A landlord who receives a request under this subsection shall change the locks to the protected tenant's dwelling unit or give the protected tenant permission to change the locks within 72 hours.

(c) The protected tenant shall bear the expense of changing the locks. If a landlord fails to act within the required time, the protected tenant may change the locks without the landlord's permission. If the protected tenant changes the locks, the protected tenant shall give a key to the new locks to the landlord within 48 hours of the locks being changed. (2005‑423, s. 6.)

 

§ 42‑43.  Tenant to maintain dwelling unit.

(a) The tenant shall:

(1) Keep that part of the premises that the tenant occupies and uses as clean and safe as the conditions of the premises permit and cause no unsafe or unsanitary conditions in the common areas and remainder of the premises that the tenant uses.

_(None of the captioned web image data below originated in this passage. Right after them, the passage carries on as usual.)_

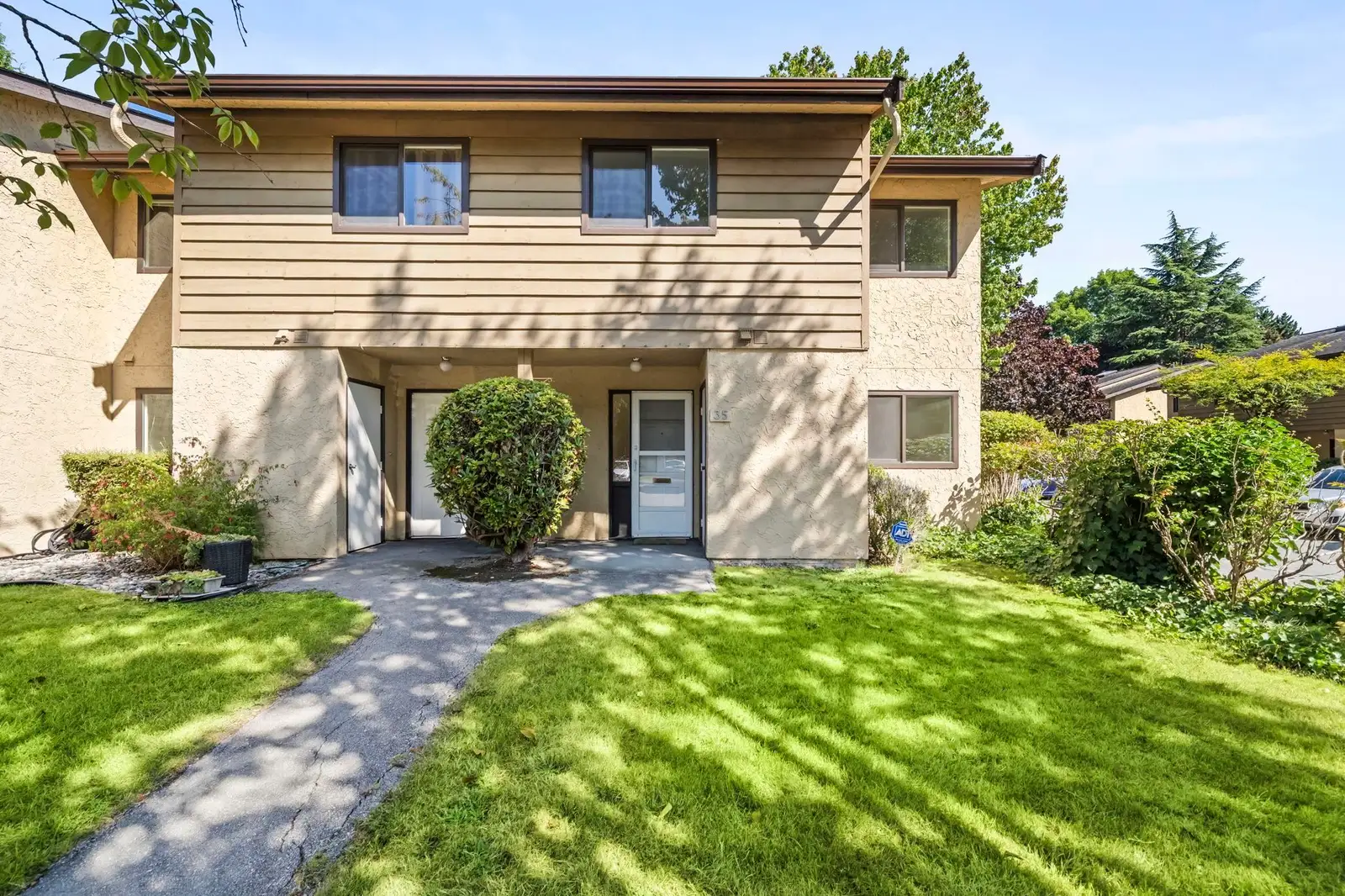 35 6100 TIFFANY BOULEVARD, Richmond BC V7C 5A8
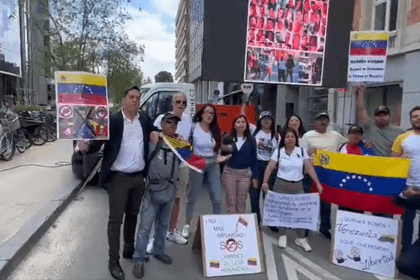 : Activistas de la ONG venezolana @Sinmordaza, junto con otros de Bolivia, Cuba y Nicaragua, protestaron en Bruselas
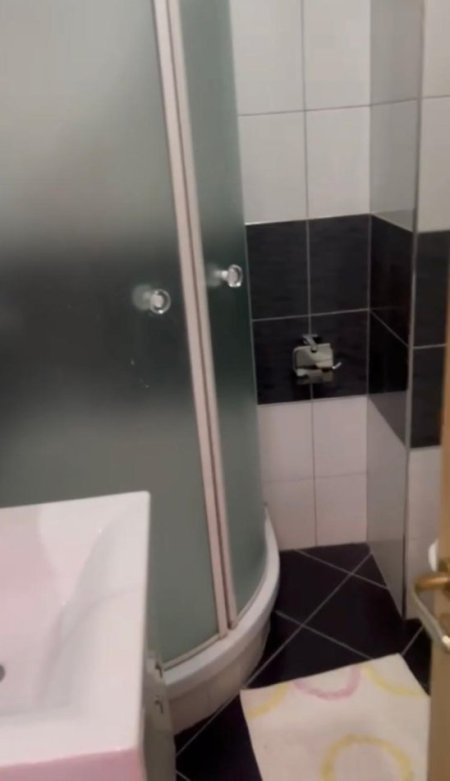 Tirane, jepet me qera apartament 2+1+Ballkon Kati 6, 90 m² 600 €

(2) Dispose of all ashes, rubbish, garbage, and other waste in a clean and safe manner.

(3) Keep all plumbing fixtures in the dwelling unit or used by the tenant as clean as their condition permits.

(4) Not deliberately or negligently destroy, deface, damage, or remove any part of the premises, nor render inoperable the smoke alarm or carbon monoxide alarm provided by the landlord, or knowingly permit any person to do so.

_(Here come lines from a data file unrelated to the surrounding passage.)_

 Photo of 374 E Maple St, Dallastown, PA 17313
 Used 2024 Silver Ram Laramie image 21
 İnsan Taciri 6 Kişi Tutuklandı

(5) Comply with any and all obligations imposed upon the tenant by current applicable building and housing codes.

(6) Be responsible for all damage, defacement, or removal of any property inside a dwelling unit in the tenant's exclusive control unless the damage, defacement or removal was due to ordinary wear and tear, acts of the landlord or the landlord's agent, defective products supplied or repairs authorized by the landlord, acts of third parties not invitees of the tenant, or natural forces.

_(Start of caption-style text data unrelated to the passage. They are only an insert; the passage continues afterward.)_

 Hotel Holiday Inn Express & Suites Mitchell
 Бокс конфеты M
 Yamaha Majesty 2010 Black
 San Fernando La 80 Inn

(7) Notify the landlord, in writing, of the need for replacement of or repairs to a smoke alarm or carbon monoxide alarm. The landlord shall ensure that a smoke alarm and carbon monoxide alarm are operable and in good repair at the beginning of each tenancy. Unless the landlord and the tenant have a written agreement to the contrary, the landlord shall place new batteries in a battery‑operated smoke alarm and battery‑operated carbon monoxide alarm at the beginning of a tenancy and the tenant shall replace the batteries as needed during the tenancy, except where the smoke alarm is a tamper‑resistant, 10‑year lithium battery smoke alarm as required by G.S. 42‑42(a)(5a). Failure of the tenant to replace the batteries as needed shall not be considered as negligence on the part of the tenant or the landlord.

(b) The landlord shall notify the tenant in writing of any breaches of the tenant's obligations under this section except in emergency situations. (1977, c. 770, s. 1; 1995, c. 111, s. 3; 1998‑212, s. 17.16(j); 2008‑219, s. 3; 2012‑92, s. 2.)

 

§ 42‑44.  General remedies, penalties, and limitations.

(a) Any right or obligation declared by this Chapter is enforceable by civil action, in addition to other remedies of law and in equity.

(a1) If a landlord fails to provide, install, replace, or repair a smoke alarm under the provisions of G.S. 42‑42(a)(5) or a carbon monoxide alarm under the provisions of G.S. 42‑42(a)(7) within 30 days of having received written notice from the tenant or any agent of State or local government of the landlord's failure to do so, the landlord shall be responsible for an infraction and shall be subject to a fine of not more than two hundred fifty dollars ($250.00) for each violation. After December 31, 2012, if the landlord installs a new smoke alarm or replaces an existing smoke alarm, the smoke alarm shall be a tamper‑resistant, 10‑year lithium battery smoke alarm, except as provided in G.S. 42‑42(a)(5a). The landlord may temporarily disconnect a smoke alarm or carbon monoxide alarm in a dwelling unit or common area for construction or rehabilitation activities when such activities are likely to activate the smoke alarm or carbon monoxide alarm or make it inactive.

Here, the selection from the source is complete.